PI: Dr. Laura Crisa
Location: Institute for Stem Cell & Regenerative Medicine
Website: http://depts.washington.edu/doce/our-research/facultyresearch-laboratories/laura-crisa-md-phd/

Modeling revascularization and leukocyte trafficking to immune privileged tissues by Slits signaling

One of the most significant challenges of cell replacement therapies for the treatment of Type 1 diabetes is the design of immunoregulatory strategies that promote the engraftment, survival and function of pancreatic islet cell transplants and overcome their immune rejection. Our laboratory has identified several extracellular cues that recapitulate an in vivo-like immune-privileged microenvironment and that promote cell transplant engraftment and function. Most recently, we discovered that neurotropic factors of the Slit family are expressed in the pancreatic islet niche and that their recognition by Robo receptors is involved in the regulation of endocrine cell identity, vascularization, and immune isolation from trafficking leucocytes.

Based on these data, and on the notion that Slits exhibit a repulsive function on leukocytes, we postulate that Slits expressed in pancreatic islets may a) recruit endothelial cells into developing islet cell clusters thereby regulating the formation of blood vessels within these endocrine organelles, and b) “segregate” pancreatic islets from circulating immune cells, thereby contributing to the establishment and maintenance of immune tolerance to these organelles.
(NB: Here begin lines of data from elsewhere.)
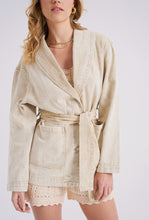 Lade das Bild in den Galerie-Viewer, Kimono Jeans Jacket Jacke mit Gürtel &quot;Isabel&quot;
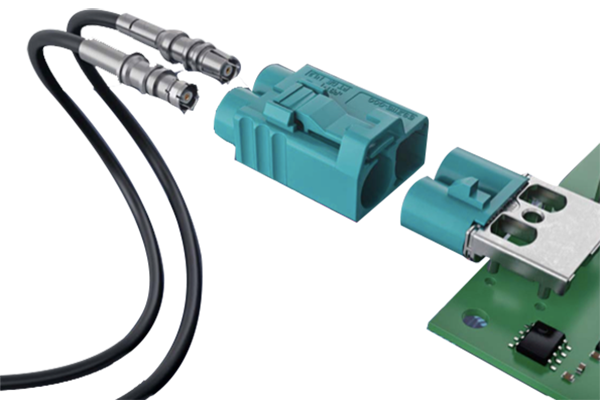 汽車(chē)射頻線(xiàn)束是指用于傳輸無(wú)線(xiàn)電信號(hào)的電線(xiàn)束，通常位于汽車(chē)內(nèi)部。它通常由多根電線(xiàn)組成，包括信號(hào)線(xiàn)、電源線(xiàn)和地線(xiàn)等。這些電線(xiàn)通過(guò)一定的結(jié)構(gòu)形式將它們組織在一起，以便更好地傳輸信號(hào)和減少干擾。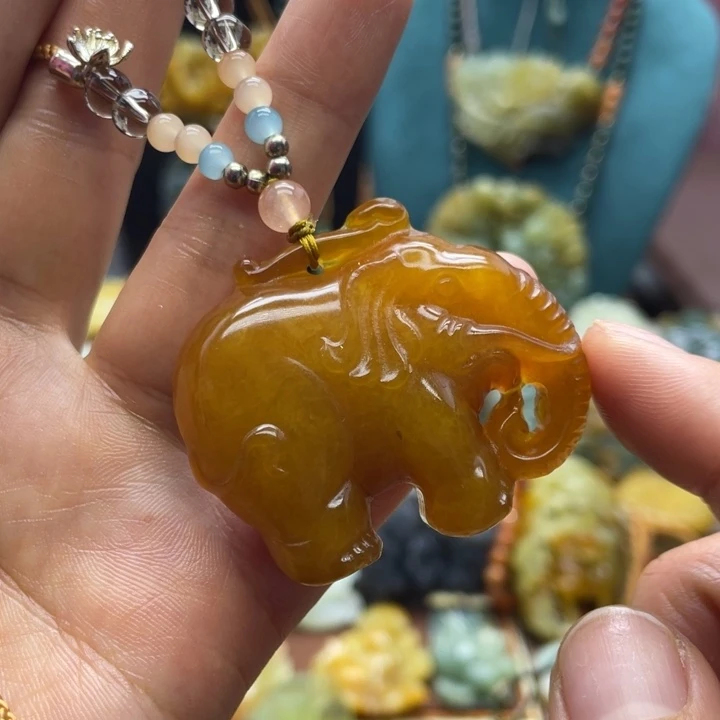 蛇纹石玉未镶嵌颈饰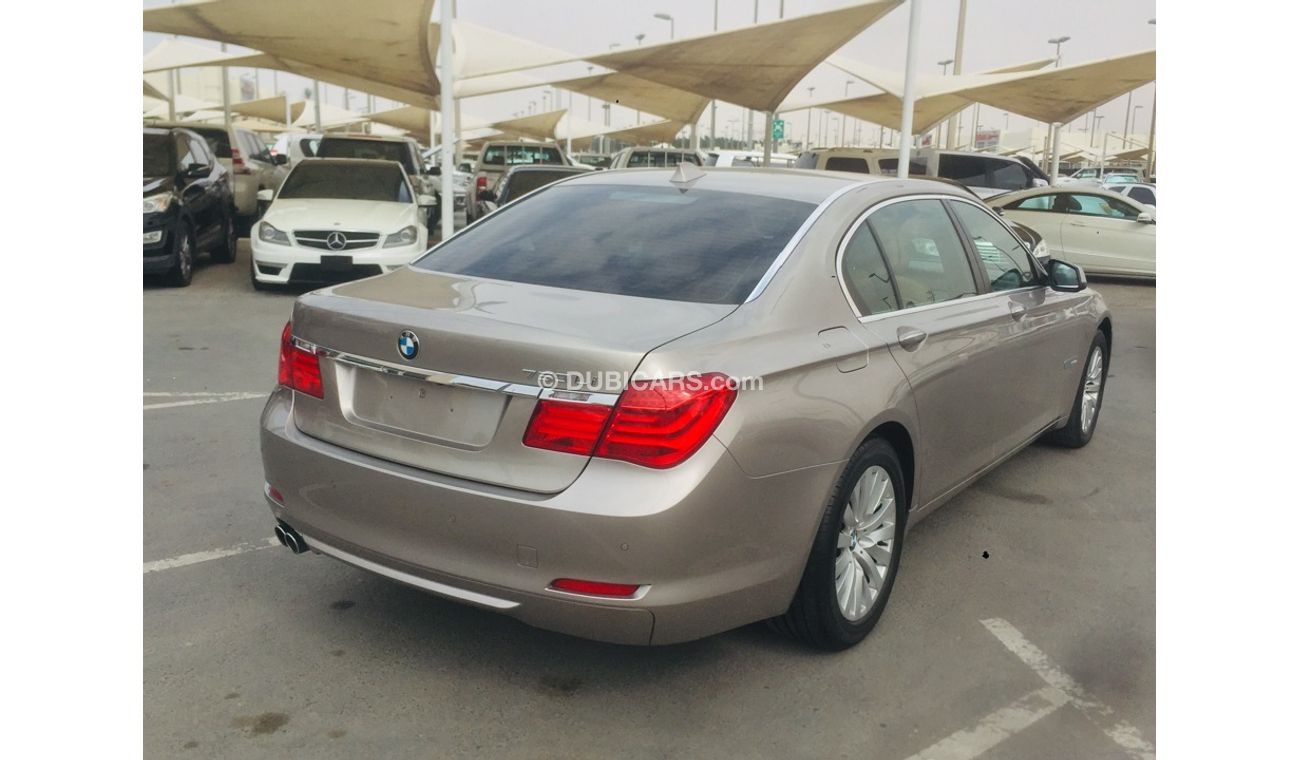 BMW 730Li i model 2012 GCC car prefect condition full service full option low mileage
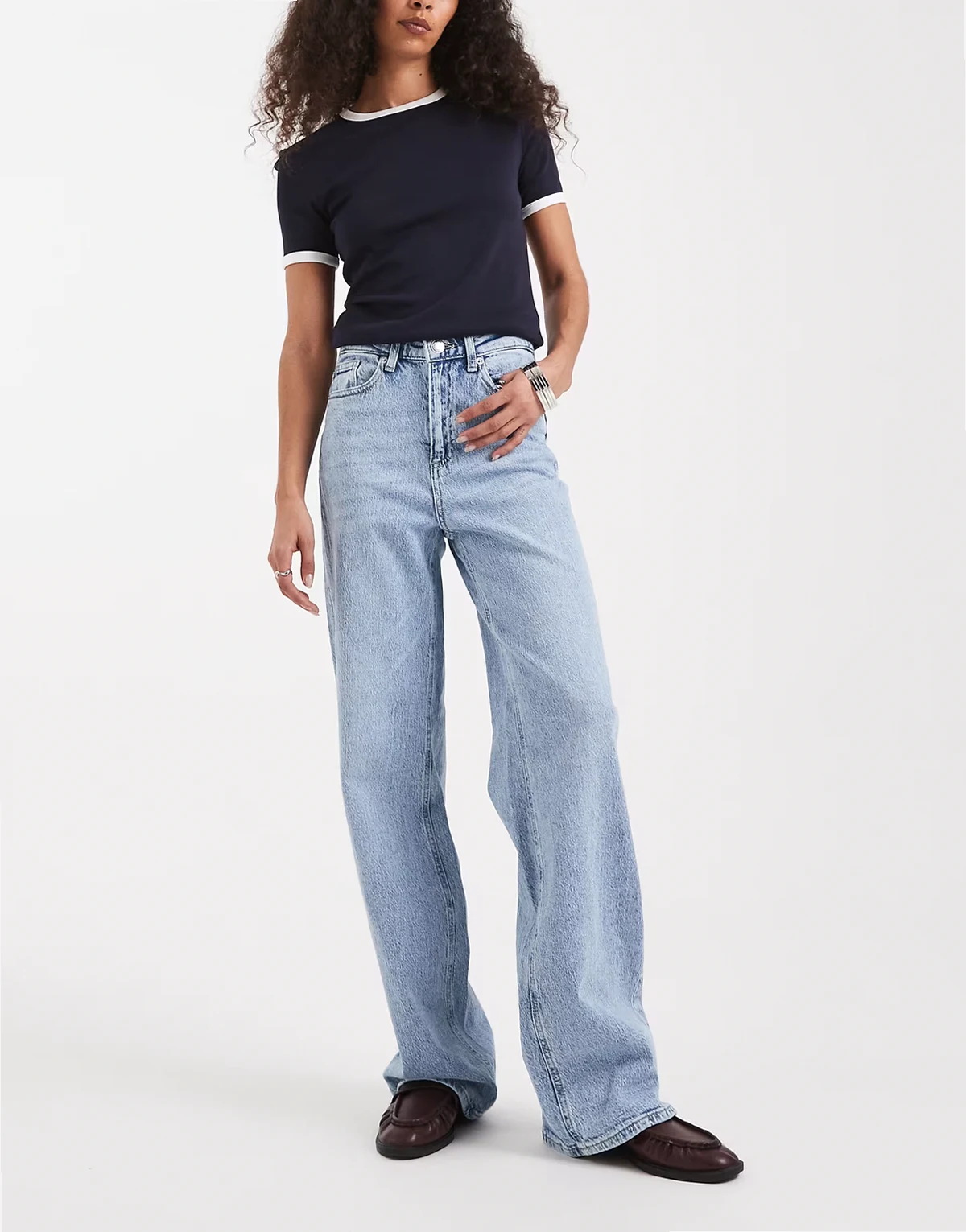 – Jeans in hellblauer Waschung mit hohem Bund und weitem Bein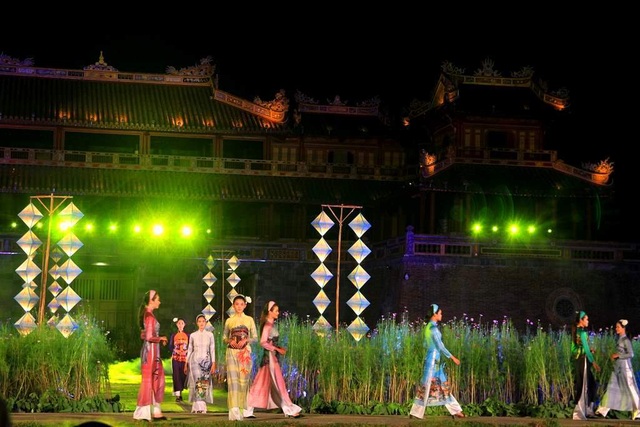 Hoành tráng lễ hội áo dài đầy màu sắc - 2 Hoành tráng lễ hội áo dài đầy màu sắc - 2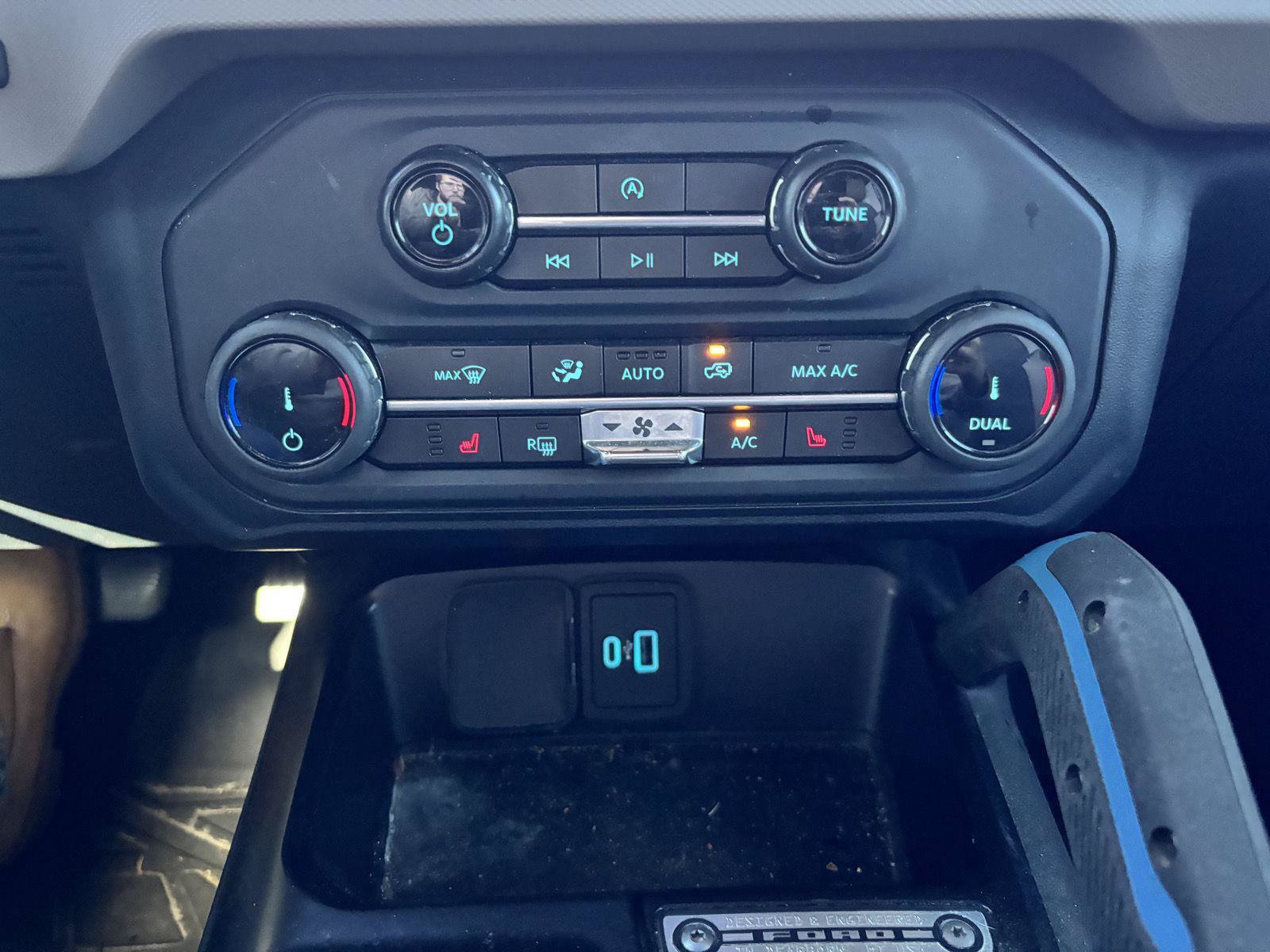 Used 2022 Ford Bronco Wildtrak AWD/4WD image 24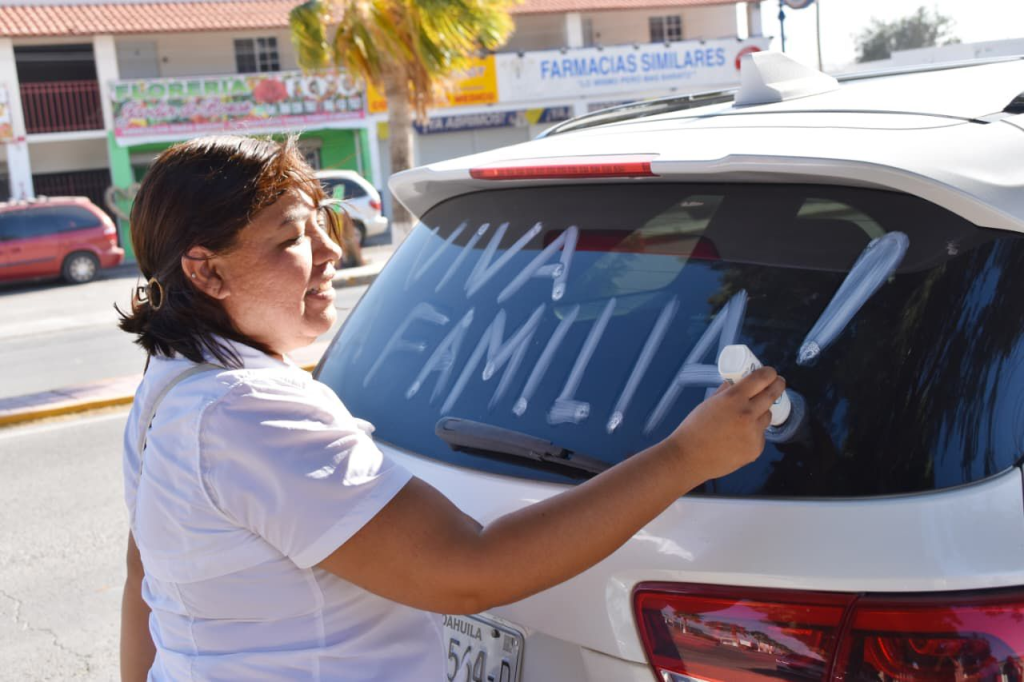 CARAVANA DEL DÍA DE LA FAMILIA FORTALECE LA UNIÓN Y LA CONVIVENCIA EN CUATRO CIÉNEGAS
To test this hypothesis, we will adopt an innovative approach developed by our collaborators at the Institute for Protein Design (University of Washington) to bioengineer synthetic protein sheets containing Slits’ binding domains that will be used both in ex vivo studies of islet cell maturation, and in experiments of transplantation designed to exploit the pro-angiogenic functions of Slits and their anti-leukocyte trafficking at sites of cell transplant engraftment. We anticipate that these studies may lead to the design of novel strategies for the bioengineering of tissue niches that will promote islet cell transplant engraftment and function, while evading immune recognition.